Ashmore International Acquires 8,000 Acres of Coffee Plantations Across South America for $35M

December 21, 2016

London-based asset manager, Ashmore International, announced its most dynamic quarter to date with an overall total acquisition of 12,000 acres across six South American countries for US$50 million. Of this total, 8,000 acres are coffee farmland that were acquired for US$35 million.

“We had a very strong quarter in terms of both overall portfolio growth and operating results,” said Adrian Wright, CEO, Ashmore International. “From a portfolio standpoint, we had our most active quarter to date, adding over 12,000 acres of new farmland to our portfolio for approximately USD 50 million. These new farms are spread across six different countries in South America, providing further diversification to our portfolio.”

Founded in 2006, Ashmore International has grown to become a leader in the European asset management space with a global portfolio of €10 billion under management, according to the firm’s website.

With a commitment to sustainable development and socially responsible investment, Ashmore provides a client base of wealthy individuals and institutions with a competitive advantage through in-country expertise and service while also benefiting farmers in emerging markets.

“Since our establishment, we have been dedicated to helping the less fortunate farmers. Farmers are the reason why we exist. Initiatives like this goes a long way, both for the cause and for our reputation. It is our way of returning to the society and a contribution to an important industry of the global economy,” said Wright.

Coffee, anyone?

Ashmore explains that the firm decidedly targeted the bulk of their investment toward coffee due to the growth potential for coffee beans.

Coffee consumption in the U.S, the world’s top coffee market, is on pace to grow at a compounded annual growth rate (CAGR) of two percent per year to 2020, according to the International Coffee Organization (ICO), while global consumption is expected to see a CAGR of 1.3 percent per year, reports the Wall Street Journal.

Chicago-based Datassential explains that the lion’s share of this strong demand is being attributed to greater consumption by Millennials aged 19-34, who account for about 44 percent of U.S. demand. Indeed, Bloomberg reports that between 2008 and 2016 daily coffee consumption by people 18 to 24 years old increased from 34 percent to 48 percent, and in those aged 25-39 daily consumption climbed from 51 percent to 60 percent according to the National Coffee Association.

“Coffee has emerged as the winning beverage as [the] U.S. has turned away from soft drinks,” Ric Rinehart told the Wall Street Journal.

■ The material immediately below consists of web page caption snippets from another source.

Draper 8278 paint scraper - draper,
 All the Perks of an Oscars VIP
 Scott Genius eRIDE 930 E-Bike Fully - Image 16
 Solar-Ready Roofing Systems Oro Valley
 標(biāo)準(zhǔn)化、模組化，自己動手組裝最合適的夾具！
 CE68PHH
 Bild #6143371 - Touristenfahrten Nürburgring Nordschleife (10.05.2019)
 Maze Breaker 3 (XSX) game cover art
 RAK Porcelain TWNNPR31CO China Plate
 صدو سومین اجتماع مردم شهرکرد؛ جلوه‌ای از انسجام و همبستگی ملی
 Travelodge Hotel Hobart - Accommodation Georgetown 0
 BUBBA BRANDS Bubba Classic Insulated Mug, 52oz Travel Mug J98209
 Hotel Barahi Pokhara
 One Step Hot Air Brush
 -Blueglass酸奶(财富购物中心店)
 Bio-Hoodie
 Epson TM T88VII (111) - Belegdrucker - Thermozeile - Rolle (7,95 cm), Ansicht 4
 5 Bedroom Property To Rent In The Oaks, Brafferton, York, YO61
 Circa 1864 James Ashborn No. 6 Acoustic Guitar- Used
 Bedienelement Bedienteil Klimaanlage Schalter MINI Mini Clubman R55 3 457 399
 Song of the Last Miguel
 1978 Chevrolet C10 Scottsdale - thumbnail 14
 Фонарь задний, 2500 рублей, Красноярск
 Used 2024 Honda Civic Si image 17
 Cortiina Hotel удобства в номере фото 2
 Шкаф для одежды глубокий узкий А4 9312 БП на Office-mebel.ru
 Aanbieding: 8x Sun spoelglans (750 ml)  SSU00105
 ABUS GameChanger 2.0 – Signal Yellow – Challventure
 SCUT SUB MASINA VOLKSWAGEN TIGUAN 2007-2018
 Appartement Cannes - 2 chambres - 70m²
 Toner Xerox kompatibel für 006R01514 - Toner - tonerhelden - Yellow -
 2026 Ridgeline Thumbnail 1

This demand is pushing coffee bean supplier to intensify their hunt for beans despite the challenges faced by growers in recent seasons including adverse weather patterns, drought, and diseases. For the 2015/16 season global coffee bean output total 148 million 60 kilogram bags, according to the ICO and for the 12 months ending September 30 world coffee consumption exceeded production for a second year in a row. Meanwhile the numbers continue to trend upward as global demand is expected to reach 160 million bags by 2020, reflecting positive market trends that could translate to a healthy return on investment.